I certainly do because I studied it and wrote about it at the time. During this period, those of us retailers were a bit confused as to just why this change was even happening. Also, there was big confusion as to just who was spearheading this change.
After all, carpet had been sold by the yard going back long before Americans started to produce it on this continent; back to Europe where carpet production was made by hand or man-powered machine looms that produced 3-foot wide pieces of goods.
So the 3-foot wide by a 3-foot length was a square yard or nine square feet. In fact, our first wall-to-wall carpets were done by sewing—seaming—the 3-foot wide woven strips together until they reached from wall to wall. At the time they were mostly woven wools that were not stretched and had to be attached on the edges with tacks.
I remember learning about this when I first started selling flooring back in the mid 1980s. One day I heard an older salesmen call tack strip, tackles strip. I asked why. He explained how the installers of old would put a wad of tacks in their mouth—to speed things up—and spit out one tack at a time as they moved down the wall. That was appropriately called “spitting tacks.”
When carpet looms became standard at 12-feet wide here in the U.S.—a width dividable by three—and was now being stretched from wall to wall over cushion, the wood tack strips already had the nails pointing up for stretching purposes so spitting tacks was over. Tackles were now the new normal.
Survey Says
Fast forward to when the industry started trying to change us retailers from presenting carpet and vinyl by the foot instead of by the yard. Being a curious veteran of flooring, a “Trusted Sales Advisor” and industry columnist, I wondered if other retailers were as confused about the reasoning and just who would promote and therefore profit from the change.

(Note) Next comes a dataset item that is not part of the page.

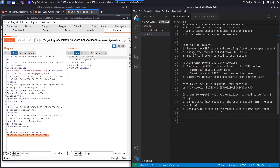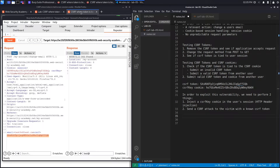HTTP header injection occurs when HTTP headers are dynamically generated based on user input. Depending on whether that user input is validated, we might be able to exploit it to get the browser to set the CSRF key cookie to one that we own. The second condition — sending the CSRF attack with a known token — is what we've done in all the previous labs. The most difficult part here is finding where this injection is possible in the application.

At the publication I wrote for at the time, I asked the editors if I could do a survey as part of my column. They told me surveys they had done produced little interest and only a handful of responses, but they let me try it anyway.
My column presented both sides of the argument as I saw it. The voting ballot at the bottom of the article simply had a check box for ‘yes’ or ‘no’ to change to square-foot pricing. Within about a week of the issue’s mailing, my home mailbox started to get packed with votes. As memory serves, I received over 400 responses in about a two-week period.
Obviously I had struck a nerve in the retail industry.
The fun part for me was not just the vast amount of responses, but the amount that came with a letter attached. Most were from old timers that were actually mad about possibly having to change what they had done for their entire career. You’d have thought they were being asked to learn the metric system. We all know how Americans adopted to that trial. We thought it was like learning a new language.
In this case, though, we already knew how to do square footage because to get to yardage you have to get the footage first. For example: a 12 x 10-ft. room is 120 feet. Then divide by nine to get 131/3yards. But even I liked the yardage method better because I had memorized it to look impressive.
One letter said, “I hate this idea because I can tell my customer that has a 10 x 10 room that it takes 131/3yards, but if I tell her it takes 120 feet she thinks I’m cheating her.” He would rather keep her in the dark than to have to explain the waste factor.
The letters I received that I got the biggest kick out of were 10 that pleaded with “me” to not let this change happen. These readers actually thought I—a columnist—had the power to prevent this industry from making this change.
The end result of the survey was that over 90% of my readers—retail specialists—wanted things to stay the way they were.
What Really Happened
The long and short of this change was that carpet manufacturers realized that their market share for their products purchased by the end user was slipping dramatically. The share of a house that was carpet back in the 1970s was almost 90%, while in about the year 2000 it was just above 65%.
Hard surfaces were increasing so much in the average new home over the years. So the idea being the apples to oranges theory, because homebuyers did not understand that carpet on average costs about one-third the cost of hardwood or tile installed. That the average carpet installed back in the year 2000 might sell for about $27 a yard—$3 a square foot—while the average hardwood or tile installed price was about $9 to $10 a square foot. So after all the confusion it came down to comparing apples to apples.
My advice after the mills and distributors started to bill us by the foot to change our minds was simple: Put both prices on the showroom floor price tags. Meaning put $27 a yard and $3 a square foot on the same label.
Enough time has passed now that even most of us old timers have switched to presenting carpet solely by the square foot. What’s next, tackling the metric system? This square yard to square foot switch was almost too much for us Americans already. Thanks for reading.